┌──

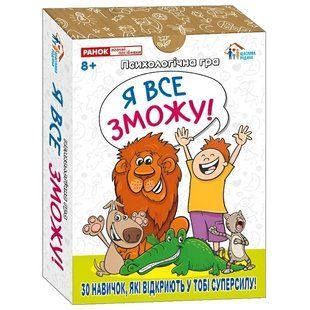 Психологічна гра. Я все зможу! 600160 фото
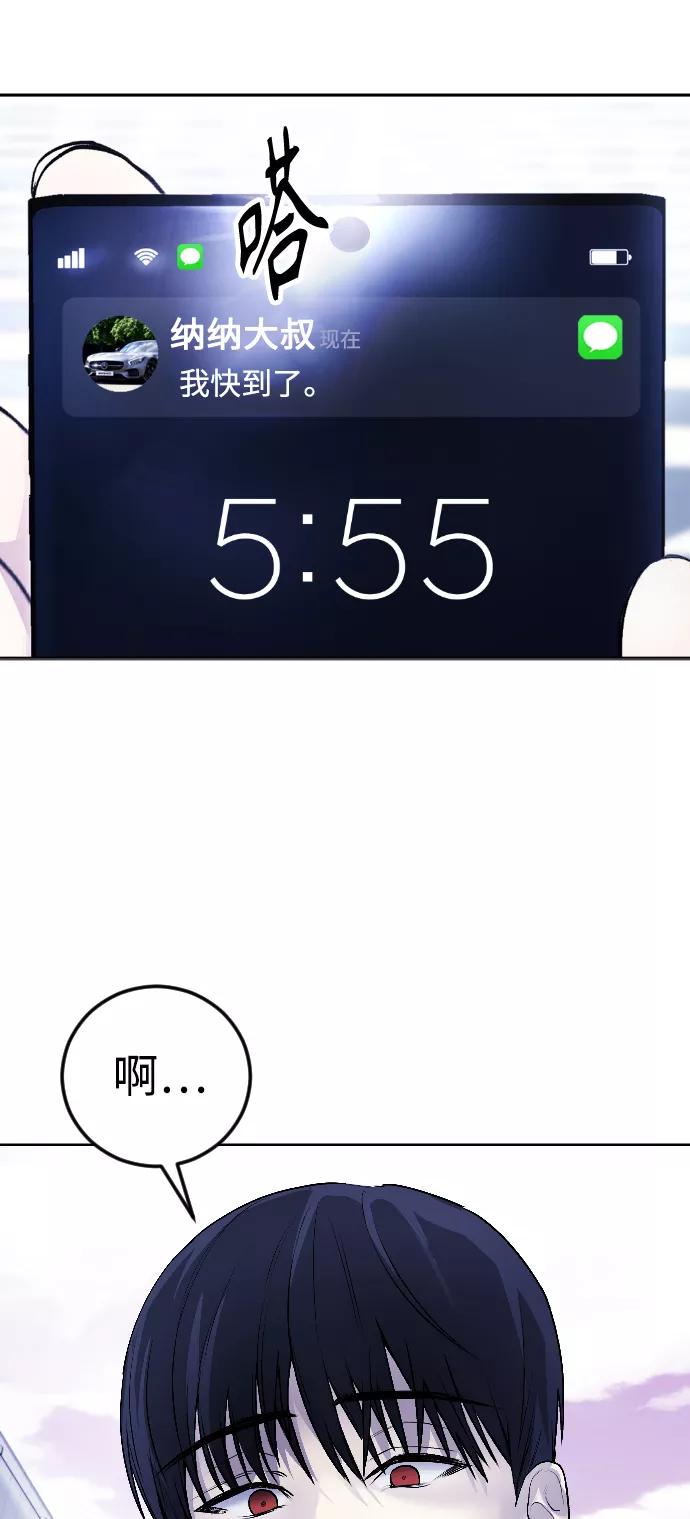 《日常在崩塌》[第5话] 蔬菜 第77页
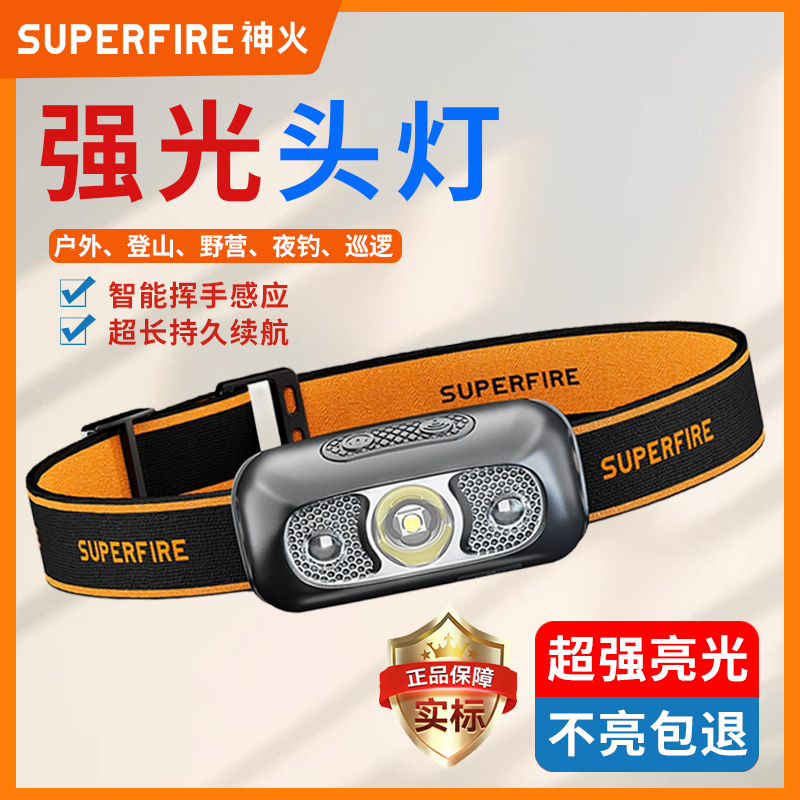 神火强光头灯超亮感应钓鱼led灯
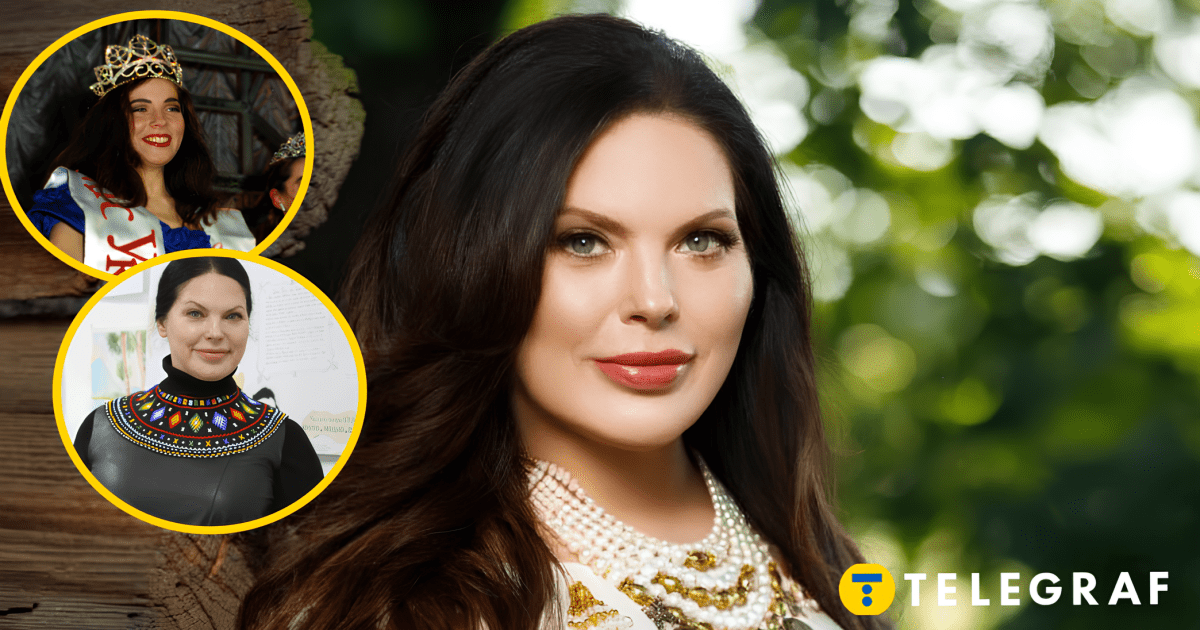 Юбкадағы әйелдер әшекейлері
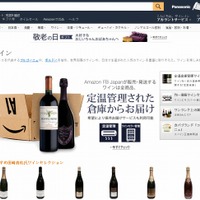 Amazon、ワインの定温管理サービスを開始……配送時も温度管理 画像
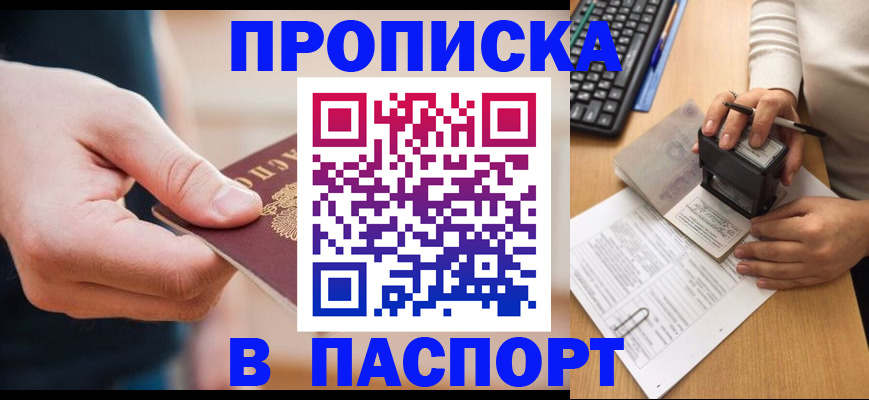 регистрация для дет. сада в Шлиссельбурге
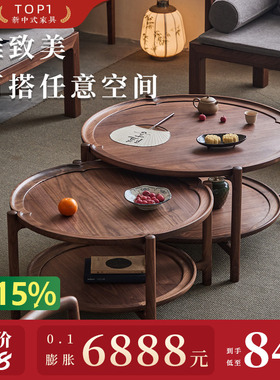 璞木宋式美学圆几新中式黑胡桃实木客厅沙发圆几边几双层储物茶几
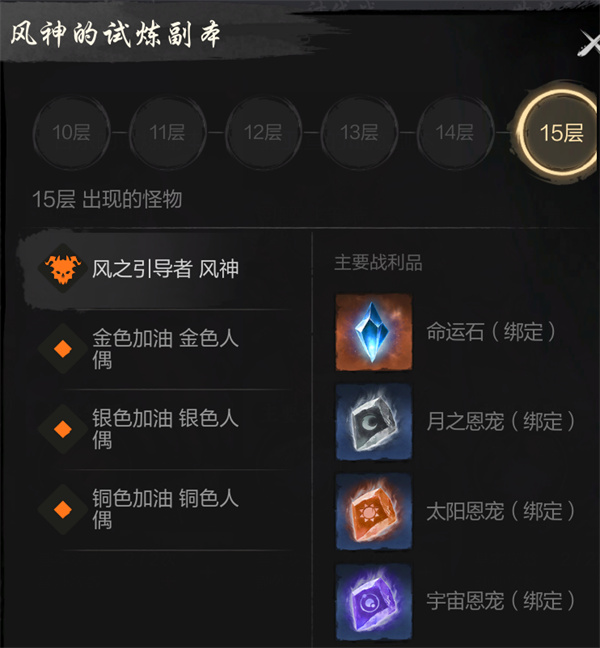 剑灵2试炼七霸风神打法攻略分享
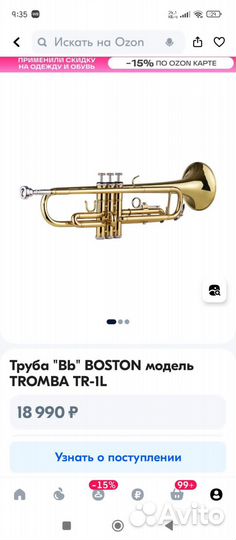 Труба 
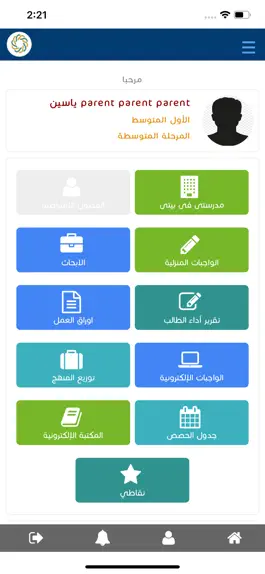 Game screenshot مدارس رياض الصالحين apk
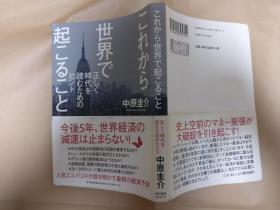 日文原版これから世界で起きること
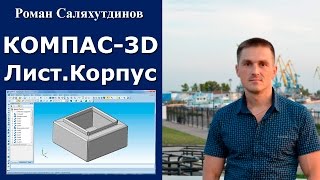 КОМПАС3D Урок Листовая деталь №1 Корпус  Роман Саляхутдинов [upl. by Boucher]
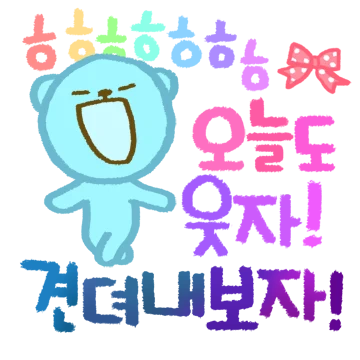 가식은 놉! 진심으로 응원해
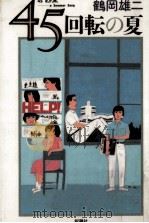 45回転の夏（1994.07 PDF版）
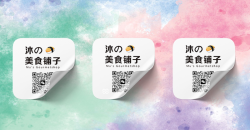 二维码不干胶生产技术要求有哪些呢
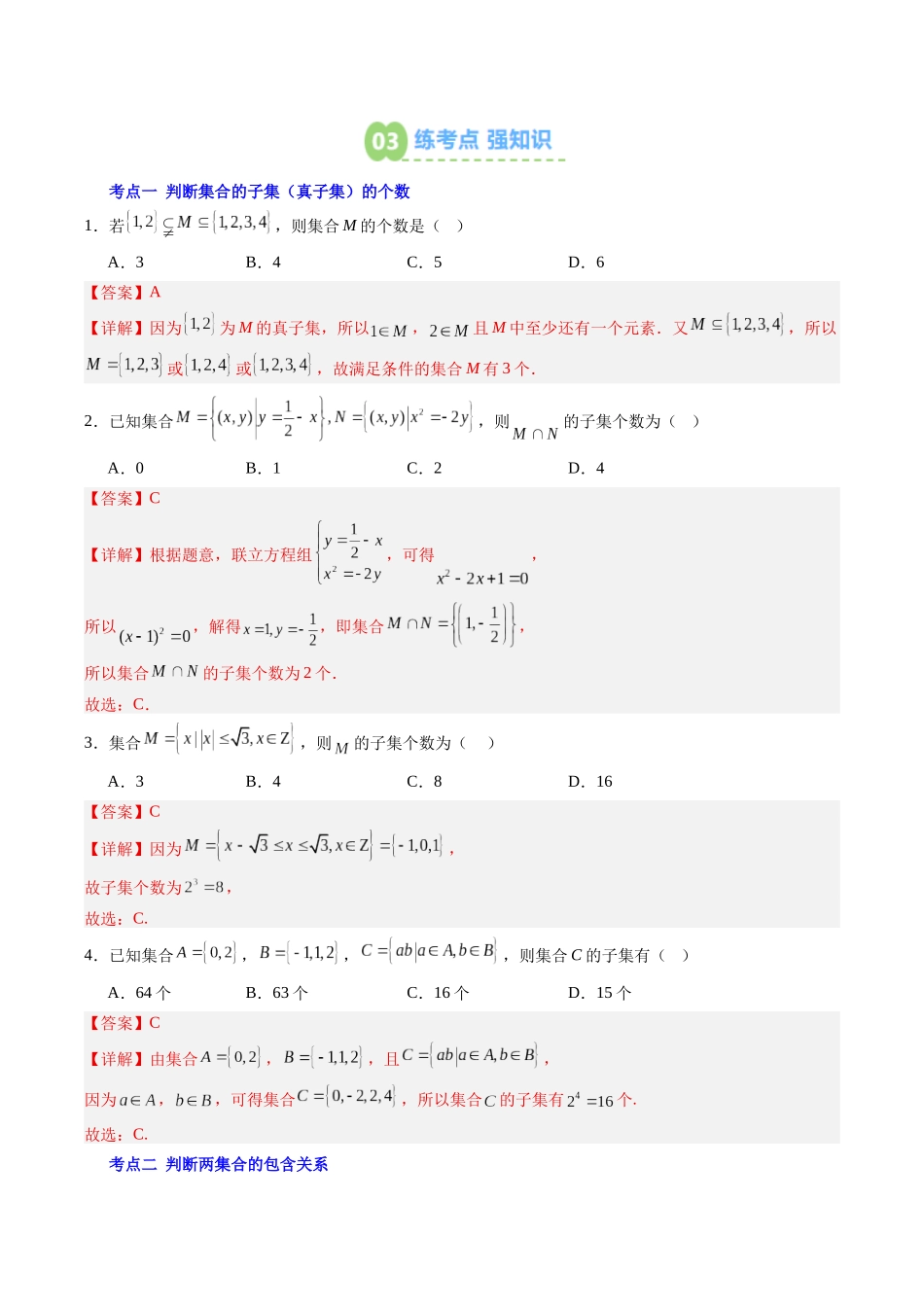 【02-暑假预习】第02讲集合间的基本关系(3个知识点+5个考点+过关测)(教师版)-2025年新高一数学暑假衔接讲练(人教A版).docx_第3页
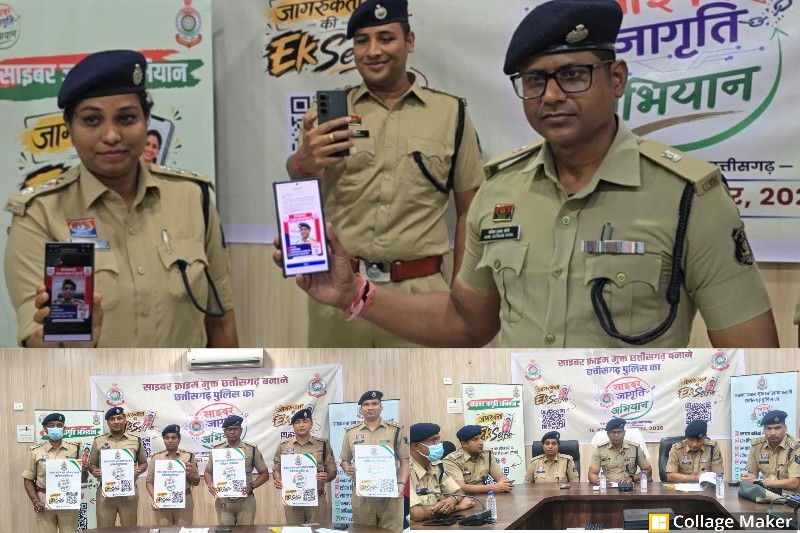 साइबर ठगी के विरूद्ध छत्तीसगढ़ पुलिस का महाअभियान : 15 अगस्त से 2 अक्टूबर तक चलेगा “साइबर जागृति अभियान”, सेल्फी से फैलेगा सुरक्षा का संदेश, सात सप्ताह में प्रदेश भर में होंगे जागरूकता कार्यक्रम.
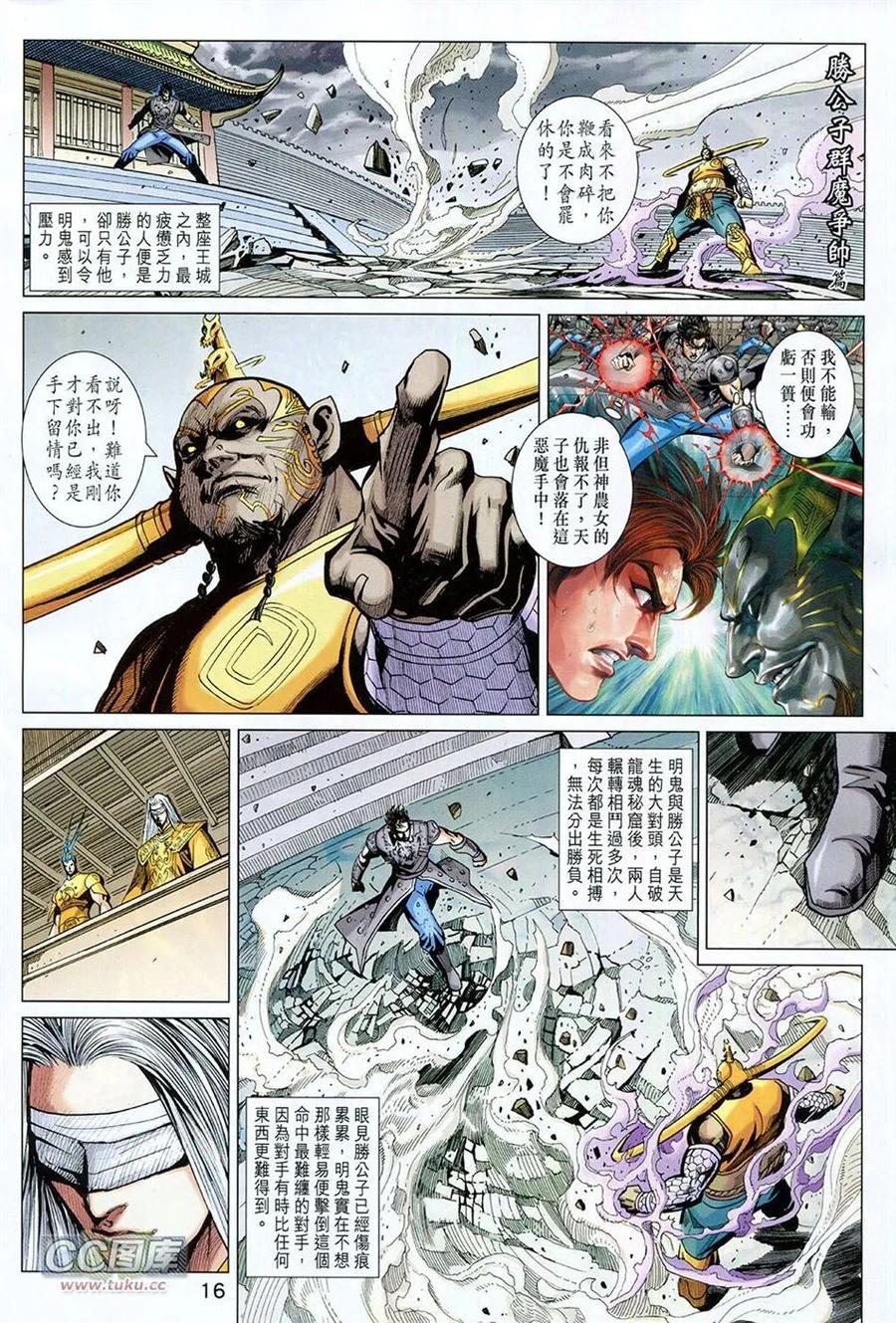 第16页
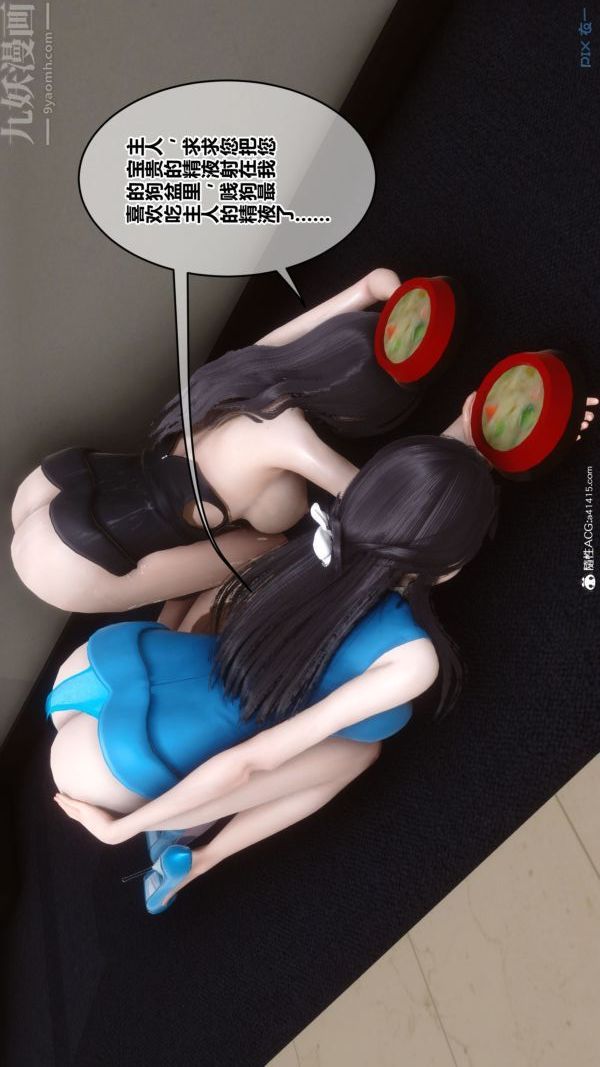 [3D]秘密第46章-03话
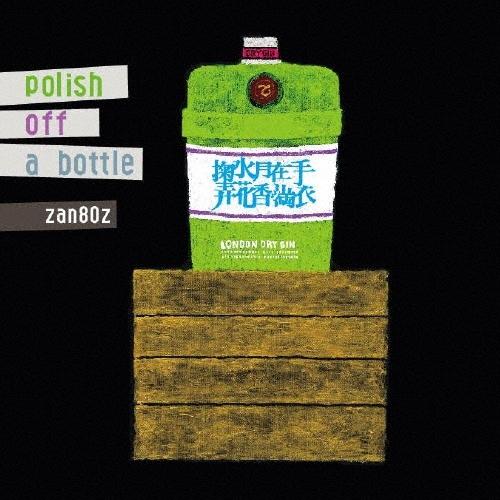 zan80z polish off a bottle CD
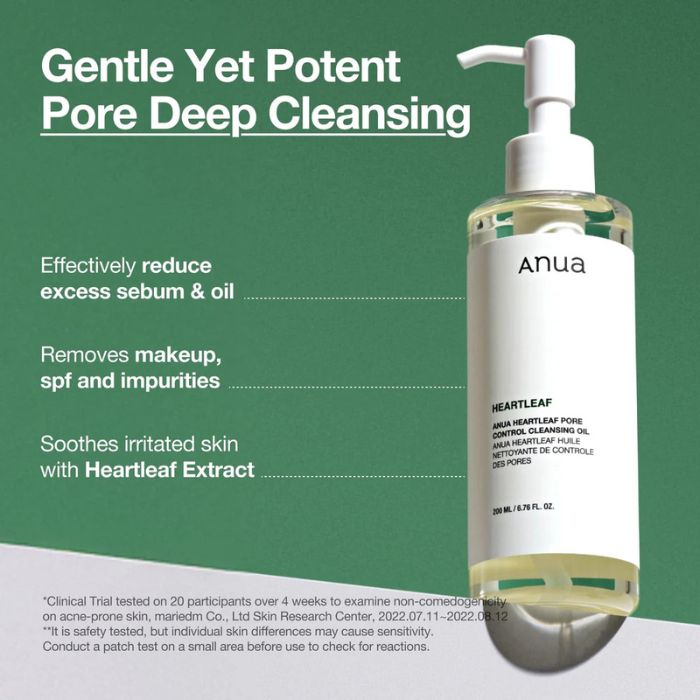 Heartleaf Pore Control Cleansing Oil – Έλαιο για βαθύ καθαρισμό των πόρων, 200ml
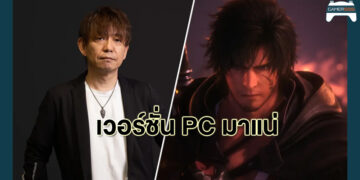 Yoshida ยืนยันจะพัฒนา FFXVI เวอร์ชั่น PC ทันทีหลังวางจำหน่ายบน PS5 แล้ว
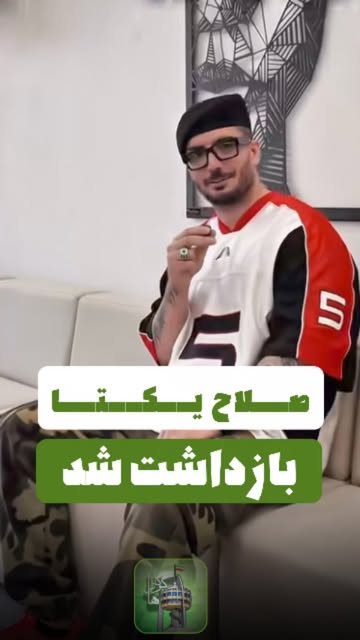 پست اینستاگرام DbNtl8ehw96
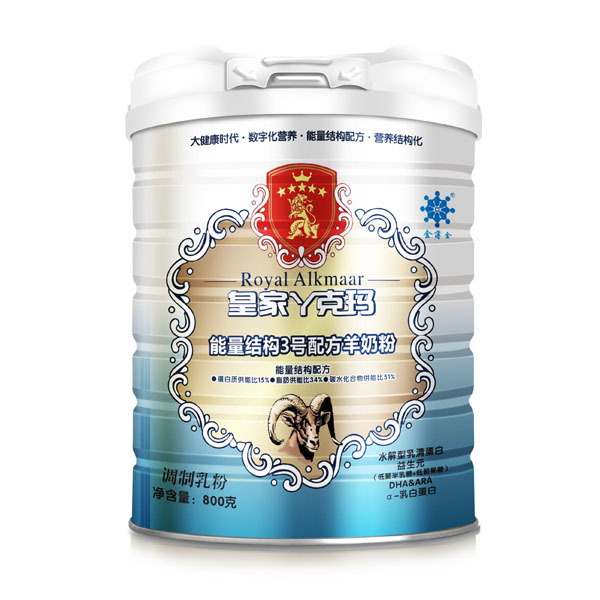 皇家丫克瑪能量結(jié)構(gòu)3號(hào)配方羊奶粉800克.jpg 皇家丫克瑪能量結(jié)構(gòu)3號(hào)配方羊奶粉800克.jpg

└──

WORK ORDER: Everything in the preceding material must be transcribed exactly, except the images.

RESULT FOR THIS EXERCISE:
 Психологічна гра. Я все зможу! 600160 фото
 《日常在崩塌》[第5话] 蔬菜 第77页
 神火强光头灯超亮感应钓鱼led灯
 Юбкадағы әйелдер әшекейлері
 Amazon、ワインの定温管理サービスを開始……配送時も温度管理 画像
 регистрация для дет. сада в Шлиссельбурге
 璞木宋式美学圆几新中式黑胡桃实木客厅沙发圆几边几双层储物茶几
 剑灵2试炼七霸风神打法攻略分享
 Труба 
 Game screenshot مدارس رياض الصالحين apk
 日文原版これから世界で起きること
 КОМПАС3D Урок Листовая деталь №1 Корпус  Роман Саляхутдинов [upl. by Boucher]
 가식은 놉! 진심으로 응원해
 45回転の夏（1994.07 PDF版）
 二维码不干胶生产技术要求有哪些呢
 【02-暑假预习】第02讲集合间的基本关系(3个知识点+5个考点+过关测)(教师版)-2025年新高一数学暑假衔接讲练(人教A版).docx_第3页
 साइबर ठगी के विरूद्ध छत्तीसगढ़ पुलिस का महाअभियान : 15 अगस्त से 2 अक्टूबर तक चलेगा “साइबर जागृति अभियान”, सेल्फी से फैलेगा सुरक्षा का संदेश, सात सप्ताह में प्रदेश भर में होंगे जागरूकता कार्यक्रम.
 第16页
 [3D]秘密第46章-03话
 zan80z polish off a bottle CD
 Heartleaf Pore Control Cleansing Oil – Έλαιο για βαθύ καθαρισμό των πόρων, 200ml
 Yoshida ยืนยันจะพัฒนา FFXVI เวอร์ชั่น PC ทันทีหลังวางจำหน่ายบน PS5 แล้ว
 پست اینستاگرام DbNtl8ehw96
 皇家丫克瑪能量結(jié)構(gòu)3號(hào)配方羊奶粉800克.jpg 皇家丫克瑪能量結(jié)構(gòu)3號(hào)配方羊奶粉800克.jpg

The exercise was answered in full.